Que tout ce que j’ai fait pour me faire accepter n’a pas été vain.

​J’ai tellement besoin que tu m’aimes, que tu me considères comme une vraie coéquipière, une vraie amie, une vraie personne, digne d’intérêt, et pas comme la cinquième roue du carrosse.

 - Plus en profondeur -

​C’est sûr que ça ne m’a pas aidé à prendre ma place dans la vie, ce manque, ce vide en moi. Cet insatiable besoin de reconnaissance. J’ai dû l’expérimenter dans ma chair, mes entrailles, autrement dit, il a fallu que ça fasse très mal, pour que je comprenne enfin. Ça ne veut pas dire que tout est simple maintenant, que c’est facile. Très loin de là. Mais ça m’a appris à regarder dans quoi je mettais les pieds. Ça m’a appris que, si je ne m’aimais pas en premier, si j’acceptais de voir mon amour-propre piétiner sans broncher, si je donnais inconsciemment aux autres le pouvoir de vie ou de mort sur l'estime que je me porte, j’allais continuer à m’enfoncer inéluctablement, jusqu’à toucher le fond. Et honnêtement, je pense que je n’en étais pas loin, de ce fond. De cette gueule géante et béante qui attend patiemment que sa proie s'enfonce jusqu’à elle. Elle sait que, quand la personne a renoncé, ce n’est qu’une question de temps. Elle n'a même pas besoin de se mettre en chasse. 

​Tout se joue entre la force de construction et la force de destruction. La vie ne fait pas de différence entre les deux, pire, elle ne favorise pas la construction.

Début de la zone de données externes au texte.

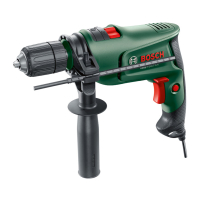 BOSCH Příklepová vrtačka EasyImpact 600 0603133020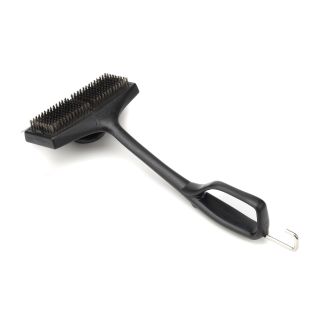 Bull Dual Handle Mega Monster Grill Brush   Grill Accessories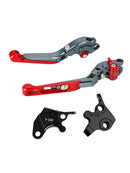 2008-2011 Yamaha YZF R125 Alavava de freio de embreagem ajustável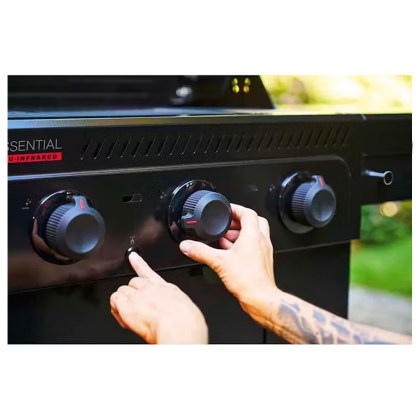 CHAR BROIL ESSENTIAL 3 G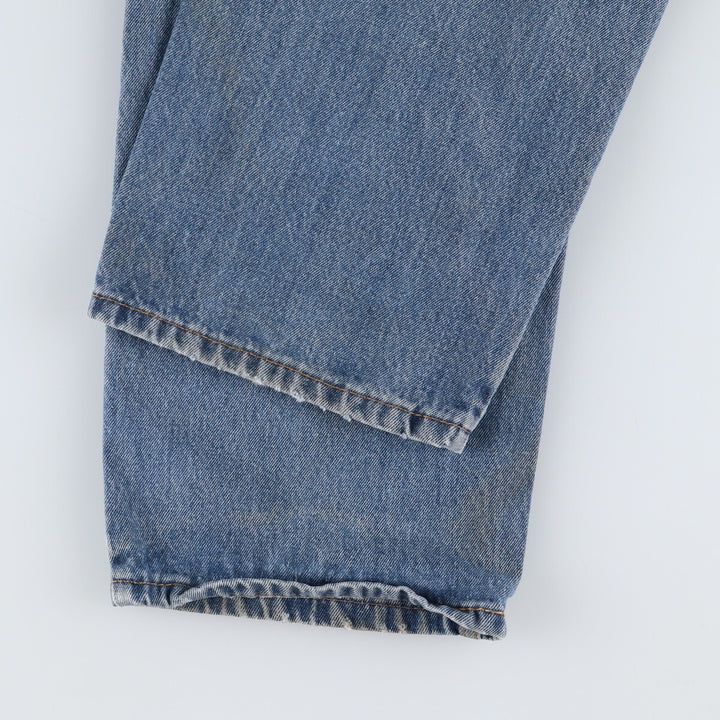 Levi's 550 Relaxed Fit Tapered Denim Pants W36 /eaa447603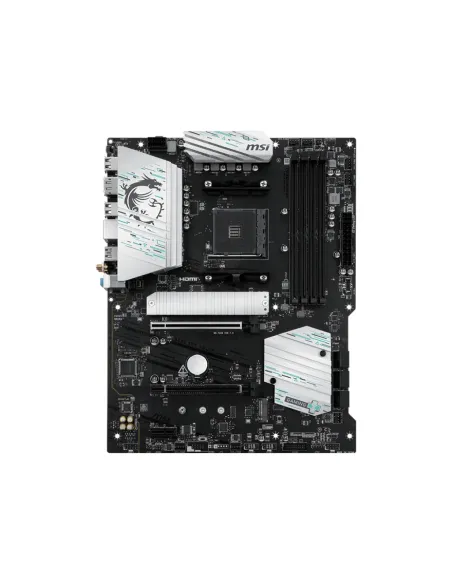 MSI B550 GAMING WIFI placa base AMD B550 Zócalo AM4 ATX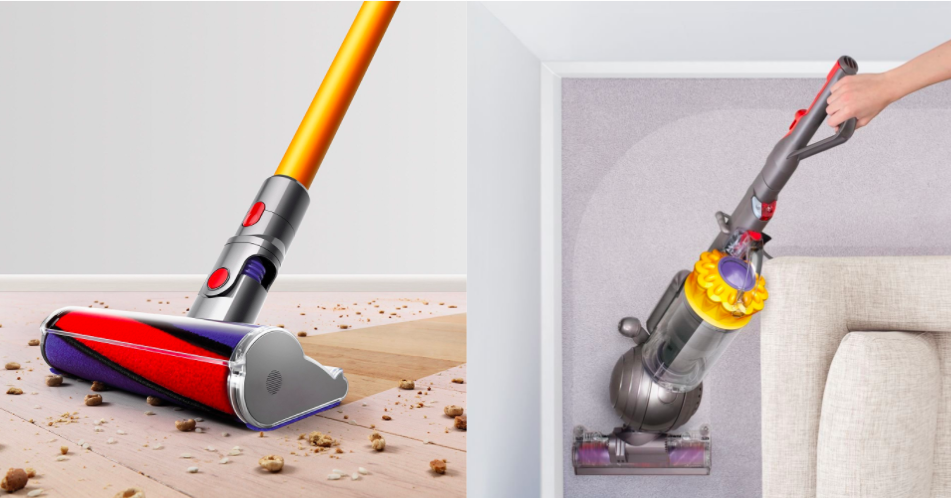 21 Dirt Destroying Vacuums That People Actually Swear By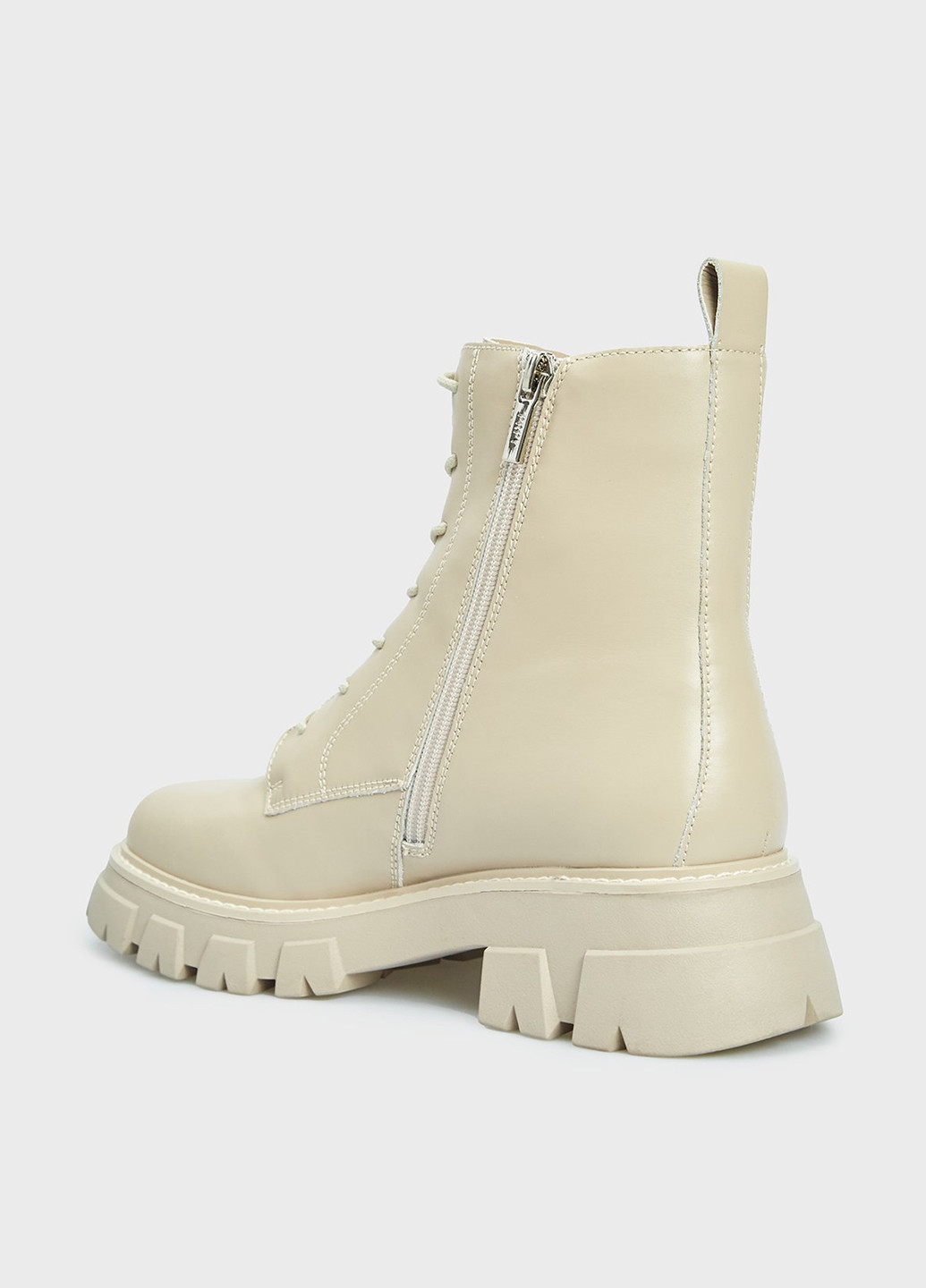 Осенние ботинки PRPY со шнуровкой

Les deux existent, c’est ainsi, et il appartient à chacun de nous, dans chacune des batailles, grande ou petite, que nous mènerons dans notre existence, de faire en sorte de maintenir ce fragile équilibre entre ces deux forces et de tendre vers ce qui nous grandit plutôt que vers ce qui veut nous dévorer.